Et l’attitude de Mona Labianov, qui se trouve aussi en ce lieu ; elle est bizarre, cette attitude.

La douce folle s’est rapprochée de l’une des croisées, elle regarde au dehors. Ses lèvres s’agitent, elle hoche la tête. On dirait qu’elle salue des choses déjà connues.

— Me direz-vous, commence Violet…

L’Hindou l’interrompt.

— Je ne me présente devant vous que pour cela, Miss. Aussi vous ai-je priée de vous asseoir, car je ne voudrais pas vous astreindre à m’écouter debout.

— Ce sera donc long ? fait-elle agressive.

— Long ou bref, Miss. Cela dépendra de vous.

— Alors ce sera bref.

— Je le souhaite de tout mon cœur.

Elle considère son interlocuteur avec étonnement. Que signifient ces paroles ? Enfin, avec un grand geste d’impatience, elle se laisse tomber sur un siège ; John, plus rouge que jamais, l’imite. Et l’Hindou parle :

— Miss, les journaux nous ont appris votre arrivée dans notre capitale.
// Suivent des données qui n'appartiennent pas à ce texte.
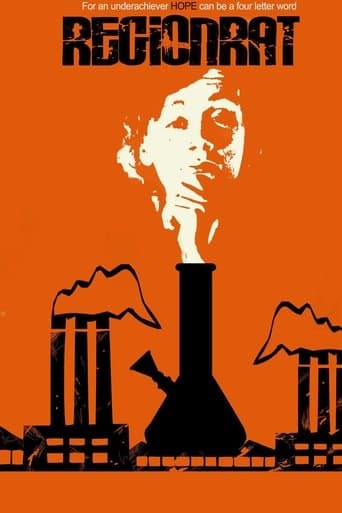 Movie poster for Regionrat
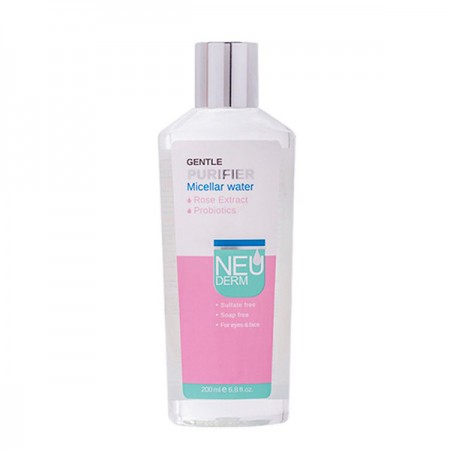 میسلار واتر Gentle Purifer نئودرم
Calcutta s’est émue de pareil honneur ; mais son émotion ne fut rien auprès de la nôtre, à nous, modestes campagnards, pour qui cette venue était un bonheur !

— Un bonheur ? vous vous dites campagnard, serions-nous hors de la ville ?

— Hors, et loin, oui, Miss.

— Loin aussi. Pourquoi ? Comment ?

Le personnage s’incline. Il sourit agréablement :

— Je vous aurais priée de me rendre visite, Miss, qu’il est certain que vous eussiez refusé. Alors, j’ai eu recours à l’habileté. Quand un mur infranchissable coupe votre route, il faut passer à côté.

— Vous voulez exprimer, je pense, que je suis ici par surprise.

— Ah ! s’exclama galamment l’inconnu, la voix est trop charmante pour que je fasse le procès des mots. Disons donc par surprise, à Trefald’s Cottage, vos domestiques indigènes m’obéissaient, car tous m’obéissent. Sur mon ordre, ils mêlèrent à vos aliments un narcotique.

— Un narcotique, se récrièrent d’une commune voix Violet et John.